ABOUT THIS TASK
In the records below, find the line that holds "Видео: 24 ЧАСА". Restate it and every later line exactly, stopping at the end and skipping pictures.

[Captioned web images]
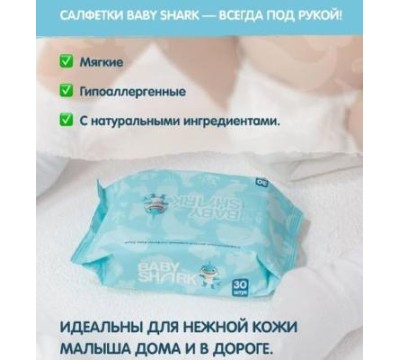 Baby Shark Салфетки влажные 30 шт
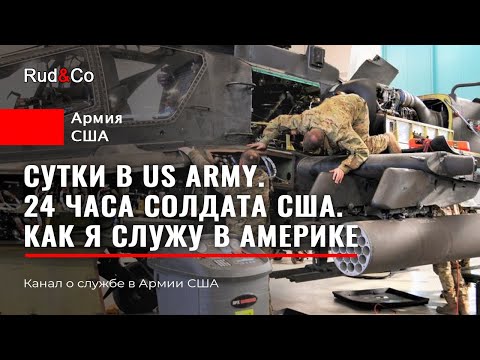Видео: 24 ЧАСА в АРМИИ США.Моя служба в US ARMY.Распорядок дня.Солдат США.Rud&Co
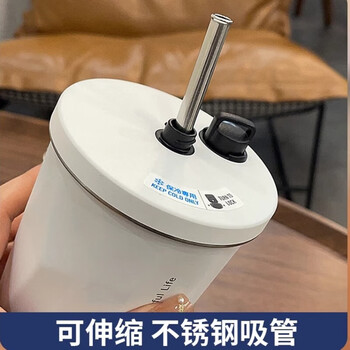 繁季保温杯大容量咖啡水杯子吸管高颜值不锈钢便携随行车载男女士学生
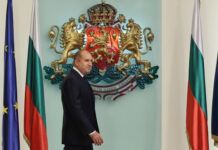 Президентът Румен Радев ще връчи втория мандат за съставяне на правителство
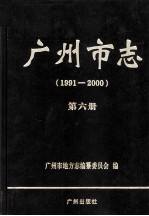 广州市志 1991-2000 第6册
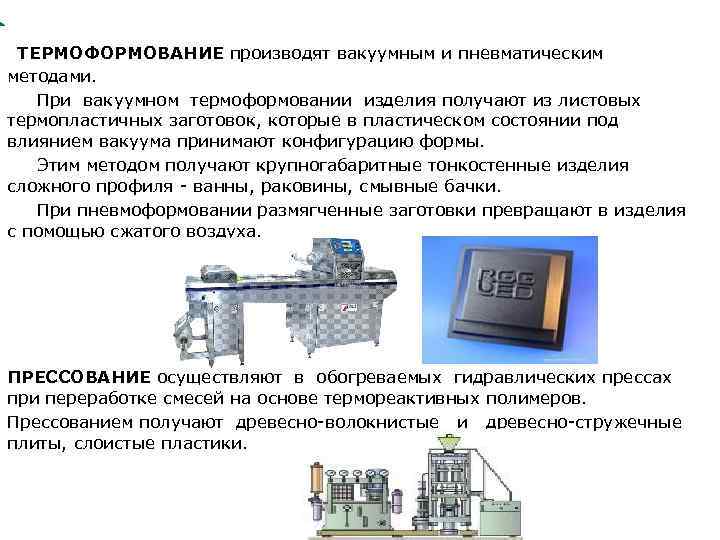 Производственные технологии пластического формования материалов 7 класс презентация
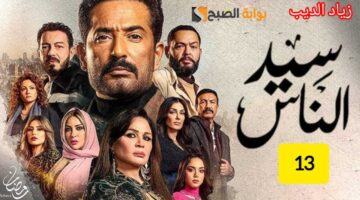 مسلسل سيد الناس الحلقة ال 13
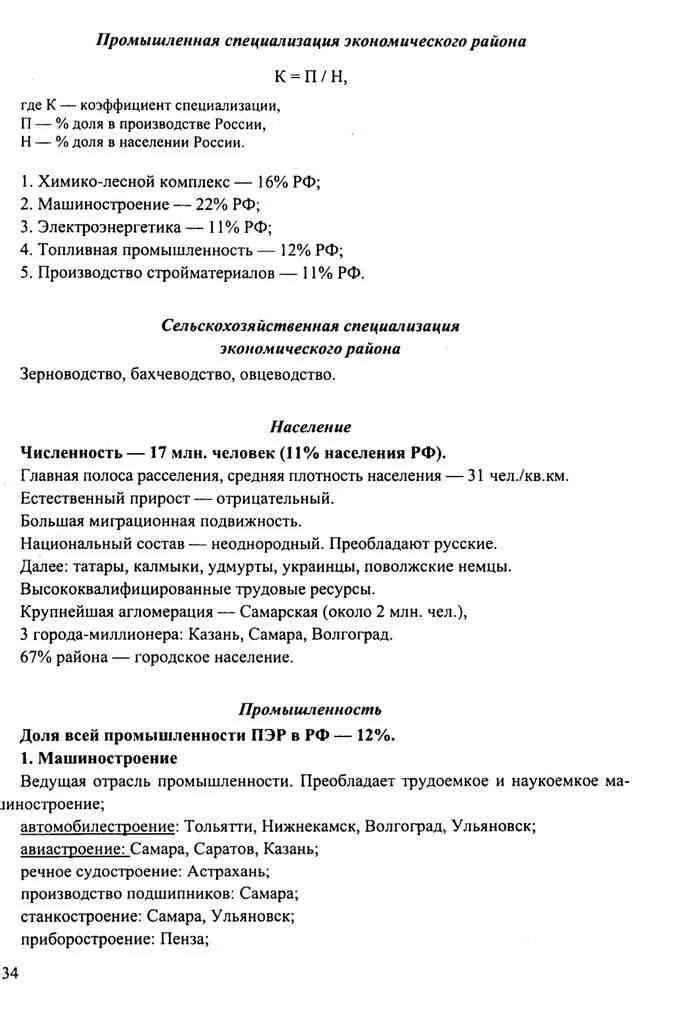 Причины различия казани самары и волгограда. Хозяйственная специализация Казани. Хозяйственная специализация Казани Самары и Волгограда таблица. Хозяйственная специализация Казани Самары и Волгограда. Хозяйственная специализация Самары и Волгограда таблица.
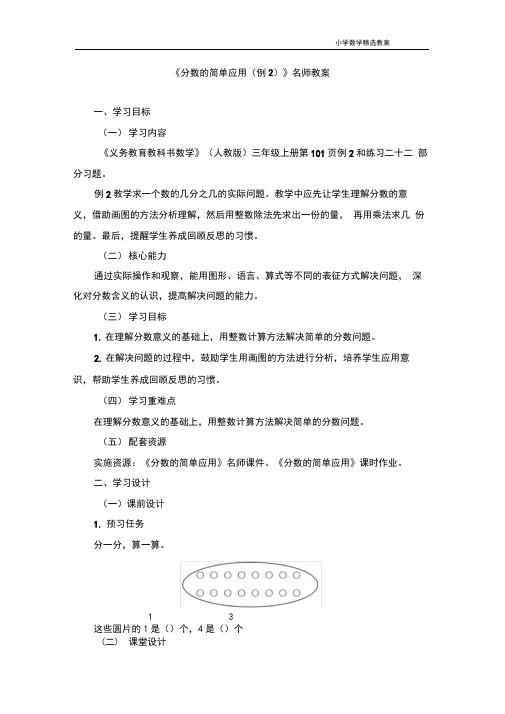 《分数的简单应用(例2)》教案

WRITTEN SOLUTION
Видео: 24 ЧАСА в АРМИИ США.Моя служба в US ARMY.Распорядок дня.Солдат США.Rud&Co
 繁季保温杯大容量咖啡水杯子吸管高颜值不锈钢便携随行车载男女士学生
 Президентът Румен Радев ще връчи втория мандат за съставяне на правителство
 广州市志 1991-2000 第6册
 Производственные технологии пластического формования материалов 7 класс презентация
 مسلسل سيد الناس الحلقة ال 13
 Причины различия казани самары и волгограда. Хозяйственная специализация Казани. Хозяйственная специализация Казани Самары и Волгограда таблица. Хозяйственная специализация Казани Самары и Волгограда. Хозяйственная специализация Самары и Волгограда таблица.
 《分数的简单应用(例2)》教案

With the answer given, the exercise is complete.